8 En ce qui concerne le refus de la Commission d’ opérer une correction rétroactive du montant des aides allouées, il suffit de constater que les requérantes ne sauraient faire valoir que cet acte de refus les concerne directement et individuellement selon l’ article 173, deuxième alinéa, du traité CEE . En effet, la correction rétroactive demandée aurait dû être adoptée sous la forme d’ un règlement de portée générale, concernant, de façon objective, tous les opérateurs économiques de la Communauté en leur seule qualité de transformateurs de tomates .
9 Le recours en annulation doit, dès lors, être rejeté comme irrecevable en ce qui concerne tant la décision de la Commission de ne pas engager une procédure au titre de l’ article 169 du traité CEE contre l’ Italie et contre la Grèce que le refus de procéder à une correction rétroactive du montant des aides allouées .

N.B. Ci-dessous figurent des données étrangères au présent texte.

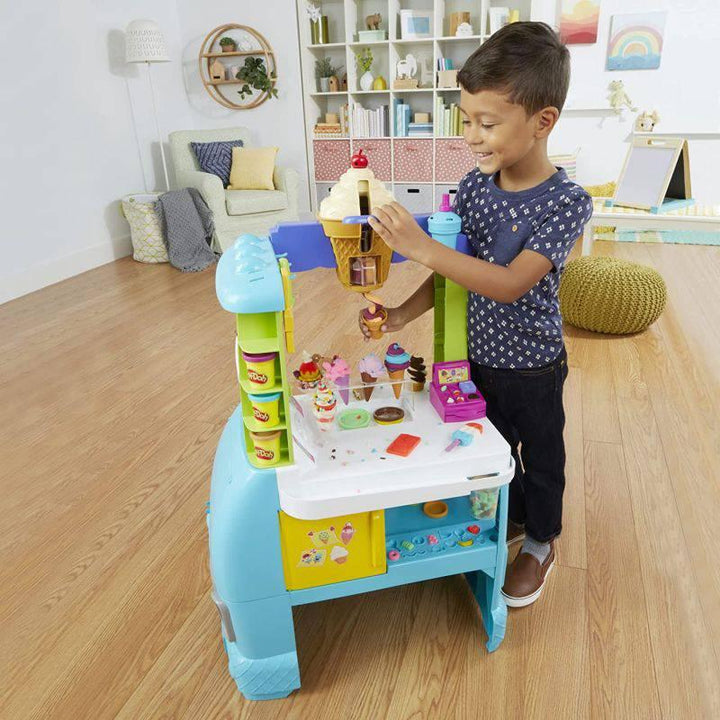 Play-Doh Kitchen Creations Ultimate Ice Cream Truck Playset - 27 Accessories & 12 Pots & Realistic Sounds - ZRAFH
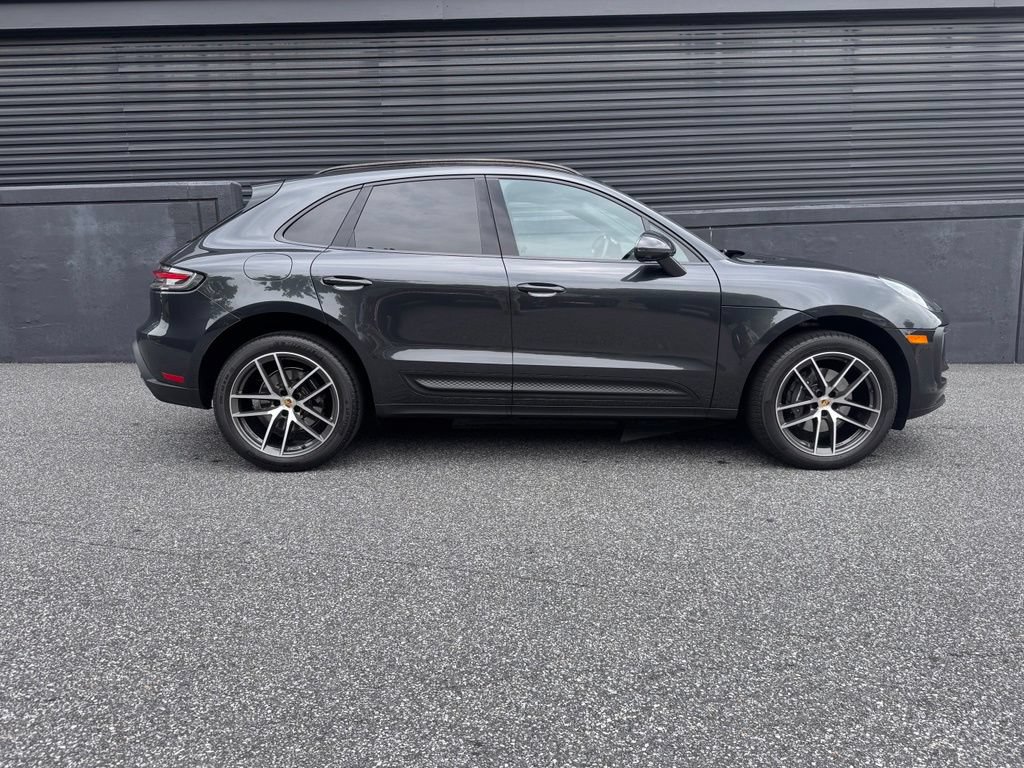 Certified 2026 Porsche Macan AWD/4WD image 11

Sur le recours en responsabilité non contractuelle
10 Les requérantes demandent la réparation de trois préjudices, à savoir la différence entre le montant de l’ aide effectivement perçue pendant les campagnes 1984/1985 à 1987/1988 et celui de l’ aide qu’ elles auraient dû percevoir en l’ absence d’ abattement, le préjudice commercial et, pour Sonito seulement, le remboursement des frais de procédure en Italie .
11 La Commission conteste la recevabilité du recours en responsabilité non contractuelle en faisant valoir que les requérantes mettent, en réalité, en cause des carences de contrôle et de poursuites dans le chef des seules autorités nationales . Or, les juridictions nationales seraient seules compétentes pour assurer la réparation de préjudices imputables aux autorités nationales .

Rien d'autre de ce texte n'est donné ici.